Plano revisto para manter operações e empregos
Uma das marcas mais conhecidas do Rio Grande do Sul, a Tramontina revisou investimentos previstos para 2020 em razão da crise do coronavírus. Segundo o diretor industrial da empresa, José Paulo Medeiros, a medida faz parte da estratégia para preservar operações e empregos em meio à pandemia. Renegociações com fornecedores e clientes também foram adotadas.
Nascida em Carlos Barbosa, a companhia tem 5,7 mil funcionários em unidades na Serra. No total, incluindo atividades no Exterior, o número salta para 8,5 mil.
— Revisamos investimentos previstos para este ano. O que é necessário, deixamos. Fizemos nova leitura sobre aquilo que poderia ser postergado. A soma das nossas ações garantiu que a empresa continuasse operando, sem cortar nenhum funcionário — pontua Medeiros.
Com a chegada da covid-19 ao Estado, a Tramontina paralisou as atividades na reta final de março. A volta ao trabalho ocorreu em 13 de abril, acompanhada de medidas de proteção contra o vírus. Máscaras e álcool gel foram distribuídos aos trabalhadores. Além disso, o espaçamento entre funcionários ficou maior nas linhas de produção. Parte das equipes, como a do departamento de tecnologia da informação (TI), segue em home office, acrescenta Medeiros.

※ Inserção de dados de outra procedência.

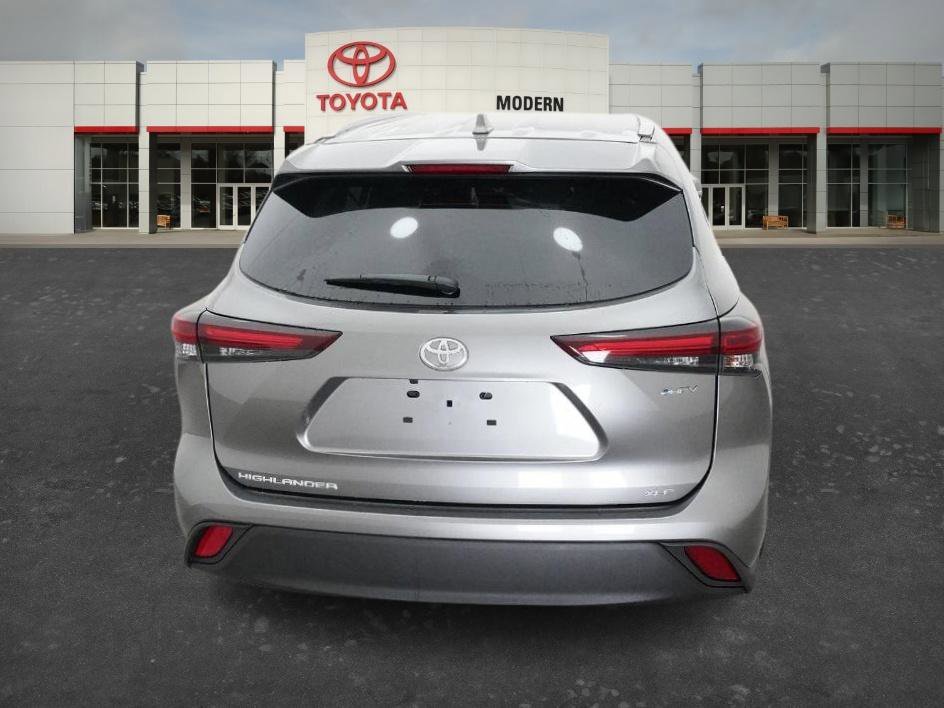 New 2026 Heavy Metallic Toyota Hybrid XLE image 10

— No início, tudo foi novo. Ao longo das últimas semanas, aprendemos muito. Conseguimos passar pela fase inicial — descreve.
Cenário
A Tramontina exporta para 120 países. Como parte das nações já atravessou a fase mais crítica da pandemia, espera-se melhora gradual nas vendas externas, avalia o diretor. Ao analisar o cenário local, Medeiros elogia o plano de reabertura da economia gaúcha. Em vigor desde o último dia 11, o modelo elaborado pelo governo do Estado permite o funcionamento de setores conforme o quadro epidemiológico das regiões.
— O plano de distanciamento controlado no Rio Grande do Sul é bem interessante. Traz um pouco de tranquilidade para um momento de incertezas. Há um modelo em vigor, e as empresas têm de se adaptar a ele — conta o diretor industrial da Tramontina.